Topic IDs selected: [13, 6, 10, 8, 4, 3, 0, 7, 9, 12]
('0.005*"time" + 0.005*"great" + 0.004*"war" + 0.004*"present" + 0.004*"force" '
 '+ 0.004*"increase" + 0.004*"need" + 0.003*"general" + 0.003*"law" + '
 '0.003*"provide" + 0.003*"new" + 0.003*"good" + 0.003*"subject" + '
 '0.003*"large" + 0.003*"world" + 0.003*"peace" + 0.003*"policy" + '
 '0.003*"condition" + 0.002*"land" + 0.002*"continue"')
('0.006*"great" + 0.005*"time" + 0.004*"new" + 0.004*"present" + 0.004*"world" '
 '+ 0.004*"increase" + 0.004*"law" + 0.004*"war" + 0.003*"continue" + '
 '0.003*"peace" + 0.003*"shall" + 0.003*"subject" + 0.003*"service" + '
 '0.003*"good" + 0.003*"condition" + 0.003*"general" + 0.002*"force" + '
 '0.002*"high" + 0.002*"need" + 0.002*"provide"')
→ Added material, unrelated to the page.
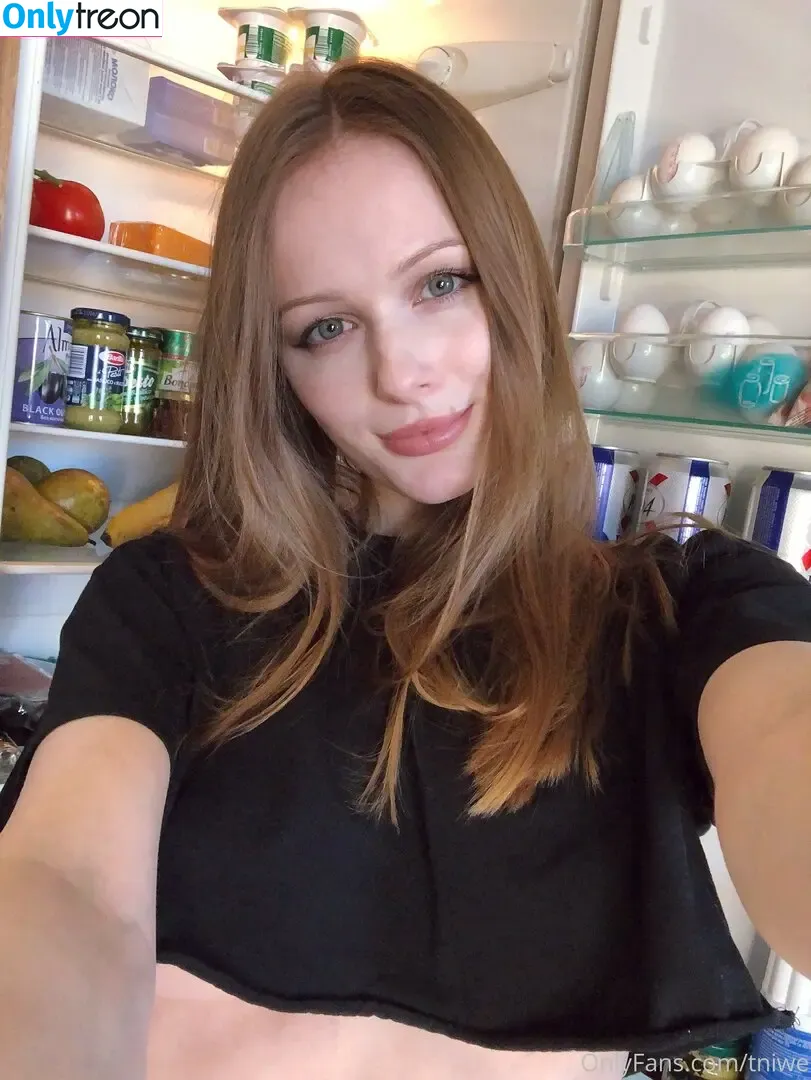 Tniwe nude photo #1199 (Tniwe)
('0.007*"great" + 0.005*"law" + 0.005*"present" + 0.005*"time" + '
 '0.004*"increase" + 0.004*"war" + 0.003*"good" + 0.003*"new" + 0.003*"world" '
 '+ 0.003*"provide" + 0.003*"service" + 0.003*"shall" + 0.003*"subject" + '
 '0.003*"treasury" + 0.003*"


1.   Topic 13: Topic about force, war, land.
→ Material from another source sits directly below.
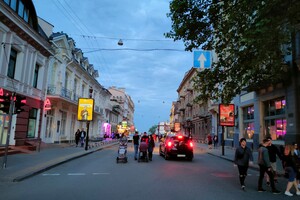 Третий день без машин: как работает пешеходная зона в центре Одессы
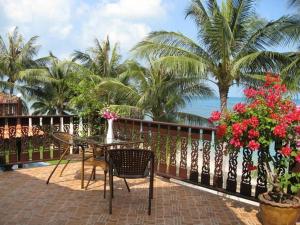 Beachfront Oasis with Private Pool and Jacuzzi on Samuis Bang Por Beach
2.   Topic 6: Topic about how great things were, and the need to 'increase' and 'continue'
3.   Topic 10: Topic about goods and services, and the Treasury.
4.   Topic 8: Topic about the importance of the current time, and concerns about foreign relations and war.
5.   Topic 4: Topic about the President.
6.   Topic 3: Topic about war and peace, and foreign relations.
7.   Topic 0: Topic about wars and laws, particularly the need to 'increase' something.
8.   Topic 7: Topic about treaties, laws, land.
9.   Topic 9: Topic about how good and great things are, very similar to Topic 6. 
10.   Topic 12: Topic about something new and great.

Unfortunately, the topics produced by the LDA model were generic and not very helpful. I spent a lot of time tweaking various parameters, such as the number of topics, the number of iterations, the number of passes, the minimum topic probability limit, etc. I also tried removing more common words during pre-processing, such as 'great', 'new', 'law', 'time', 'war', etc. But nothing worked. My guess is because all SOTU addresses are so long and so similar to each other in structure and content, I might be better off using TF-IDF or some other hierarchical models that can deal with repeated words better then simple LDA. I hope to get a chance to do TF-IDF for my final project.